[Start of section]
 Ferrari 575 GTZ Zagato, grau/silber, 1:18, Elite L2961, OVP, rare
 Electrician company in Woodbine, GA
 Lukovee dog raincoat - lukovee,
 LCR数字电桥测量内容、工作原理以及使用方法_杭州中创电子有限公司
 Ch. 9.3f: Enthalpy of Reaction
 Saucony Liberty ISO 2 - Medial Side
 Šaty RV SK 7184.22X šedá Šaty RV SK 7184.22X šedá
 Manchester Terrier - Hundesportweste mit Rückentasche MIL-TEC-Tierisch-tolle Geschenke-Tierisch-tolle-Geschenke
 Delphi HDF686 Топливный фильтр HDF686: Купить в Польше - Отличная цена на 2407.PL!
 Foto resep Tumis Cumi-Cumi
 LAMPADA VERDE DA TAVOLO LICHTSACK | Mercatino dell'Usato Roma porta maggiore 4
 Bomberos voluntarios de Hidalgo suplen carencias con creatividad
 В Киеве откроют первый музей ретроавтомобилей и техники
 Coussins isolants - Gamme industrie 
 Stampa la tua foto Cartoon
[End of section]
**Problem details**
Please copy out each record, character for character.

**Finished task**
 Ferrari 575 GTZ Zagato, grau/silber, 1:18, Elite L2961, OVP, rare
 Electrician company in Woodbine, GA
 Lukovee dog raincoat - lukovee,
 LCR数字电桥测量内容、工作原理以及使用方法_杭州中创电子有限公司
 Ch. 9.3f: Enthalpy of Reaction
 Saucony Liberty ISO 2 - Medial Side
 Šaty RV SK 7184.22X šedá Šaty RV SK 7184.22X šedá
 Manchester Terrier - Hundesportweste mit Rückentasche MIL-TEC-Tierisch-tolle Geschenke-Tierisch-tolle-Geschenke
 Delphi HDF686 Топливный фильтр HDF686: Купить в Польше - Отличная цена на 2407.PL!
 Foto resep Tumis Cumi-Cumi
 LAMPADA VERDE DA TAVOLO LICHTSACK | Mercatino dell'Usato Roma porta maggiore 4
 Bomberos voluntarios de Hidalgo suplen carencias con creatividad
 В Киеве откроют первый музей ретроавтомобилей и техники
 Coussins isolants - Gamme industrie 
 Stampa la tua foto Cartoon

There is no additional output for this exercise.